Historical STOCK returns in the US 1871 to 1926

By this point you may be wondering, “why is 1926 a hinge date? Did some watershed event occur in US financial markets at that juncture?” The answer is no. Virtually nothing came into existence in 1926 that was not already present in 1925, or 1924, or 1923 … Plus, the same data sources that Fisher and Lorie used to launch the CRSP database were also available for 1925, 1924 …

The short answer: Fisher and Lorie, who had been working back from 1962 to build the CRSP database, were about to run out of money and time on their grant. They made lemonade out of this sour reality by noting that a 1926 start date avoided having to start their stock returns at the depths of the Depression (which would have biased subsequent returns upwards), or at the peak in 1929 (which would have biased subsequent returns downwards). But the fundamental fact remains that they had to wind up data collection well before exhausting the historical record, and this defense of 1926 as a start date is a post-hoc rationalization.

Perhaps more important, at the outset Fisher and Lorie were not aware of the work of Alfred Cowles, which will be featured in this post. Nor do they appear to have been aware that Standard & Poor’s, formed in 1941 from a merger of the Standard Statistics corporation with Poor’s Publishing, had compiled a near-total NYSE market index from the end of 1917. (However, it was a weekly index.)

That is how 1926 got enshrined as The Beginning of Stock Market Time. It is not, as explained in the remainder of this post.
For this period there are four major sources, two of which extensively overlap and will be discussed together.

A. Cowles / Shiller
In the mid-1930s Alfred Cowles, who was neither an academic nor a money manager, but later an editor of Econometrica, a very technical scholarly journal, set out to collect stock return data back to the very beginning, which he deemed to be 1871 (more on that choice below). From the outset he intended to distinguish sectors, beginning with railroads, public utilities, and industrials, later differentiated into dozens of sub-sectors, each with their own index.

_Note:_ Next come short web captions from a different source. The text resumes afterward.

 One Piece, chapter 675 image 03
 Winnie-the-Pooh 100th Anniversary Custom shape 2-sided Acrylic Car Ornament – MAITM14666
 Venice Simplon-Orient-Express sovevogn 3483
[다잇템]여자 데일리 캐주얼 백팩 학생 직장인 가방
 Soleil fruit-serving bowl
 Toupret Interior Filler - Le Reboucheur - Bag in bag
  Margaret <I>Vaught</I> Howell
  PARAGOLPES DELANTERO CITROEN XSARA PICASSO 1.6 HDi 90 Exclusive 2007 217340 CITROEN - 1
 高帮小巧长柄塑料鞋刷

Also from the very beginning, Cowles set out to determine the capitalization-weighted, total return that would have been achieved by an investor who chose to own the entire market, defined again as NYSE-listed stocks. In the 1930s the very idea of a market index was still a new concept, and the proper weighting scheme was still a matter of debate; Cowles’ choice of capitalization-weighting had to be defended, and he discusses it at length. Cowles also understood that price quotes plus an assumed dividend yield were not going to be enough to capture total return, and published formulae for adjusting observed price quotes for unobserved ex-dividend dates, rights, stock dividends, and more.

Fun factoid: as late as the 1960s, Fisher and Lorie were able to advocate equal weighting as the best scheme for a market index. Bogleheads who are committed to capitalization-weighting as the One True Way of indexing might enjoy reading their 1964 Journal of Business paper: https://www.jstor.org/stable/2351197

Returning to Cowles, he published his indexes, along with a state-of-the-art critique of indexing methodologies, in 1938; revised it in 1939; and later published updates to 1940. He then turned to other concerns.

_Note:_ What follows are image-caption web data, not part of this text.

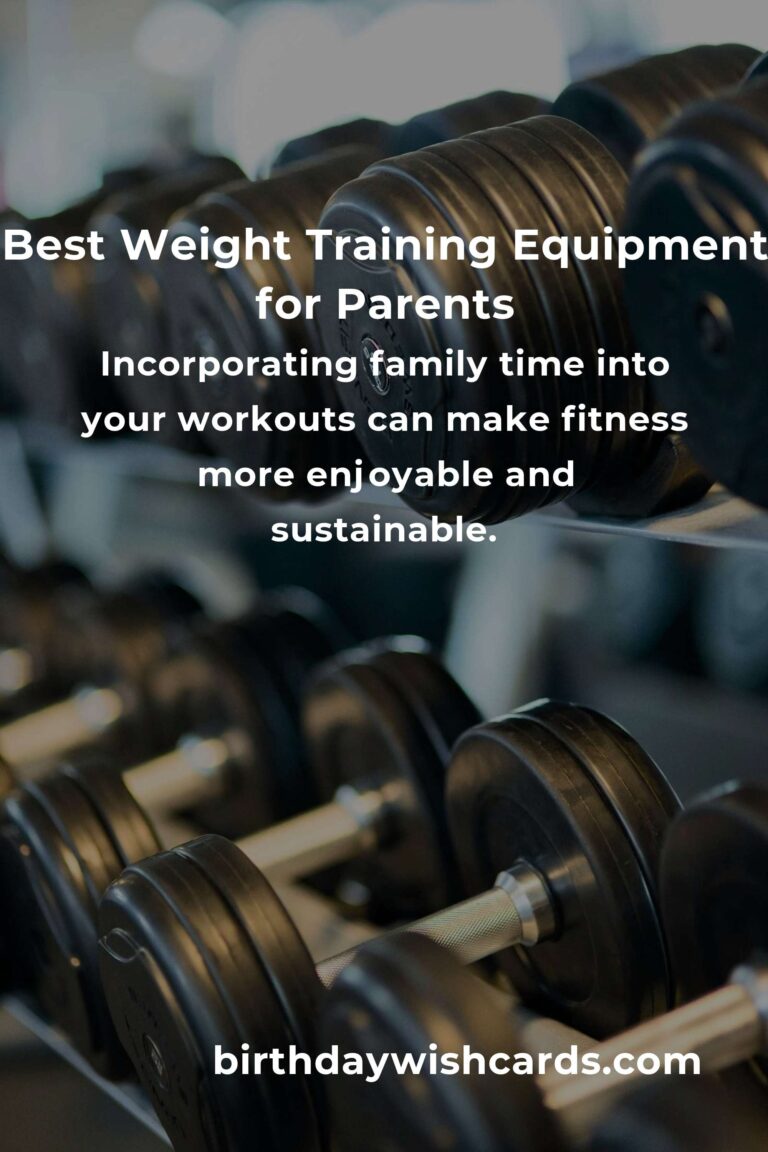 Ultimate Weight Training Equipment Guide for Parents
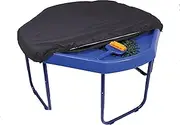 KUB® Original Universal Tuff Tray Cover Waterproof, Lightweight, Mould Resistant - Black - Fits Any Size Tuff Tray - 100cm x 100cm x 10cm - Tuff Tray Accessories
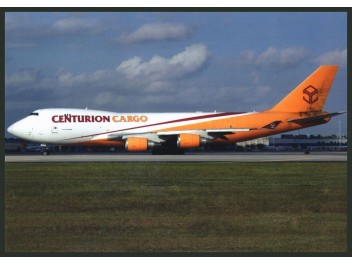 Centurion Air Cargo, B.747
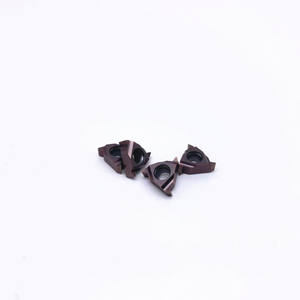 MMT 11ER AG55 11IR AG55 16IR 16ER AG55 VP15TF UE6020 US735 Herramienta de torneado de roscas Hoja de carburo <span class=keywords><strong>Torno</strong></span> CNC Inserto ranurado 10P - Product Image 4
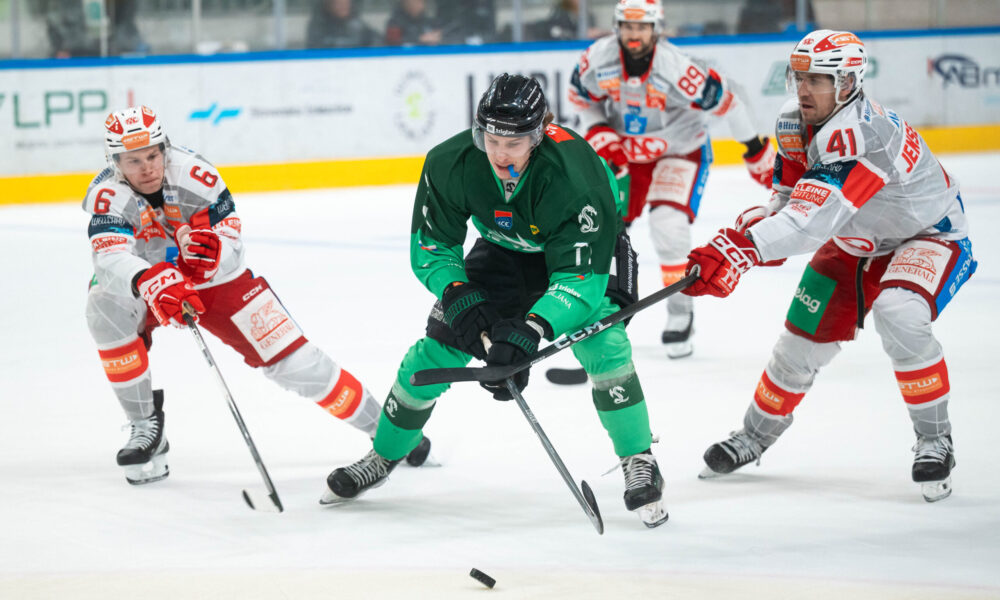 KAC's successful run ends at Olimpija Ljubljana!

Twenty years later, when Fisher and Lorie began their effort, Cowles’ quite massive project had sunk out of sight. Only in the early 1980s, when Robert Shiller recovered Cowles’s work, and began to publish analyses of stock returns since 1871, did Cowles’ contribution come back into view.
Accordingly, whenever you read in a popular account that “since 1871 stocks have …” the source almost has to be Cowles, probably transmitted through Shiller.

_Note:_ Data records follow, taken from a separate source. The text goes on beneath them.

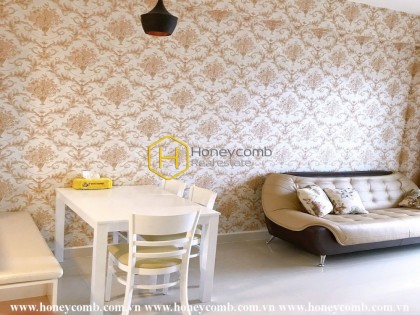 A classical apartment with brilliant interiors in The Sun Avenue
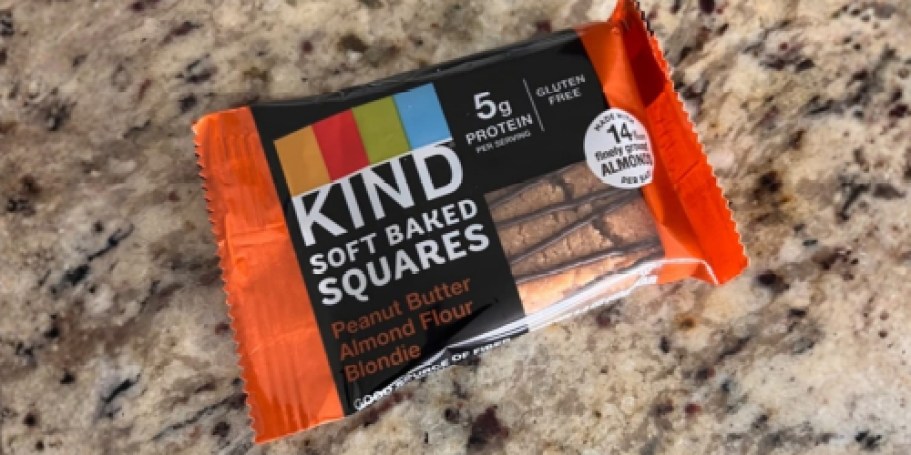 KIND Soft Baked Bars Just $3.69 Shipped on Amazon (Reg. $8)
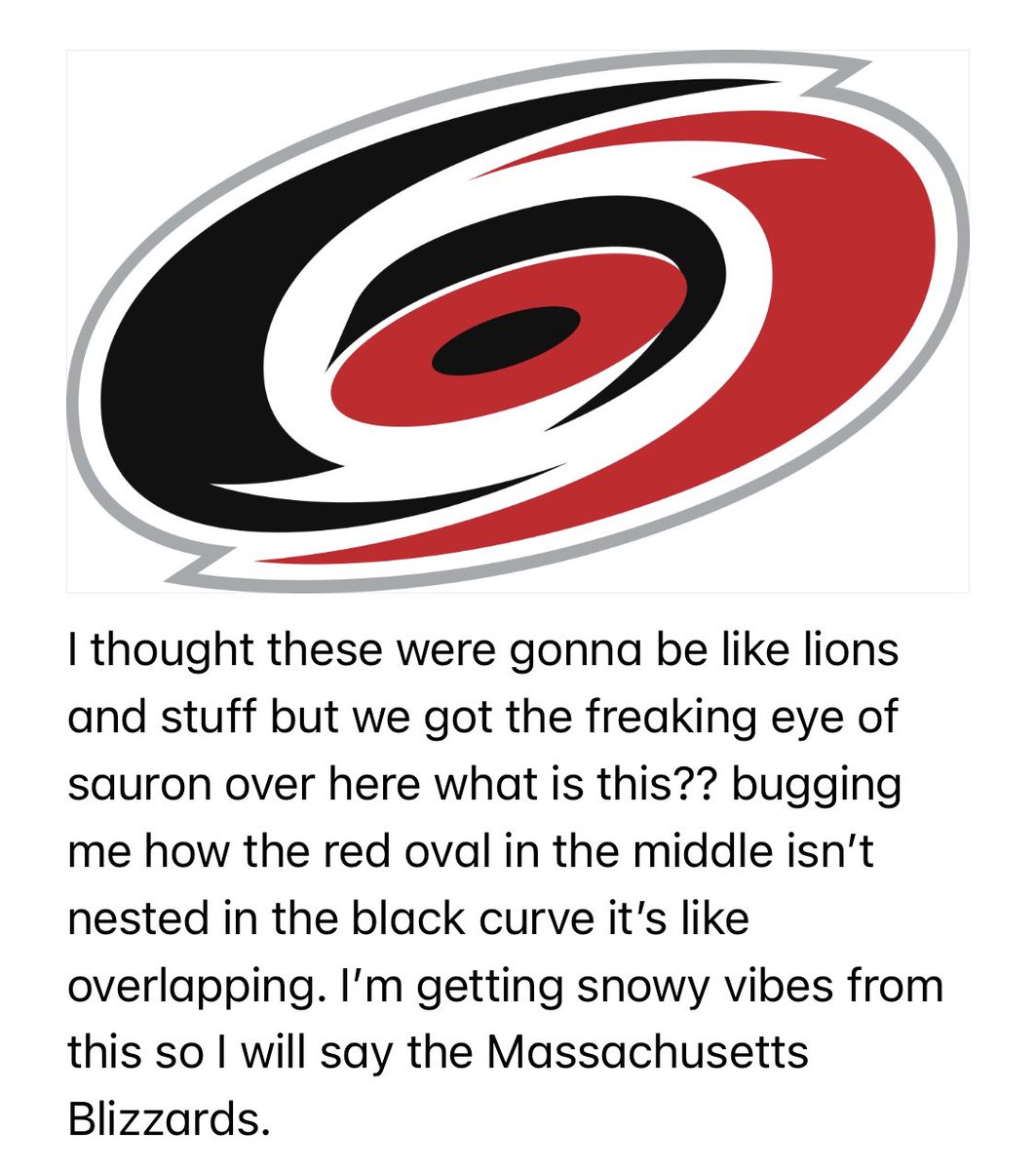 had my friend who doesn’t watch hockey guess nhl teams based on their logos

For more background on Cowles, see the post by bobcat2 a little bit upthread. If you want a perspective on Cowles’ data and how it compares to other datasets, such as the SBBI and CRSP, see the 2002 paper by Wilson and Jones: https://www.jstor.org/stable/10.1086/33 ... b_contents

Availability and access

Robert Shiller’s web site contains various Cowles indexes that can be downloaded into a spreadsheet: http://www.econ.yale.edu/~shiller/data.htm Elsewhere at Yale the text of Cowles’ book and his tables of returns have also been placed online, e.g., https://cowles.yale.edu/sites/default/f ... -2-all.pdf. With a little copying and pasting you can convert the scanned tables into data, so this is the place to go if you need to look at a broader selection of Cowles’ indexes beyond the summary indexes on Shiller’s web site.
The introductory text of Cowles’ book is well worth the read if you intend to do work in this era. In it he acknowledges that stock price data could have been compiled back to at least 1860, but argues that there were too few non-railroad stocks before 1871 to allow a multi-sector index. When I later went to reconstruct and reexamine Cowles’ index, I had no difficulty pushing the non-railroad entries back to 1866 (see my paper, URL below, especially the Appendices, which unpack Cowles’ dependence on Macaulay, who will be featured in subsequent posts). But I had no need to construct a three-sector index, as Cowles desired. My paper: https://papers.ssrn.com/sol3/papers.cfm ... id=3564496

Cowles also provides an annotated bibliography of other attempts to construct stock indexes for some portion of the 1871 to 1926 period; I won’t be calling these out separately in these posts, as none can hold a candle to Cowles’ effort.

Last, when I undertook to re-examine Cowles, I was reasonably confident that I would find significant survivorship bias, and the kind of over-estimate of returns that I had found in Siegel’s pre-1871 sources (see subsequent posts). However, that proved not to be the case for 1871 to 1897. Despite the survivorship bias that did prove to be present, I found Cowles’ annualized return estimate to be high by only two dozen basis points or so, and even to get there required introducing stocks from outside the NYSE, see below. So I abandoned any further attempt to update later Cowles data, and believe the 1897 to 1926 portion of Cowles’ data series to be by and large an accurate estimate of market returns—on the largest NYSE stocks.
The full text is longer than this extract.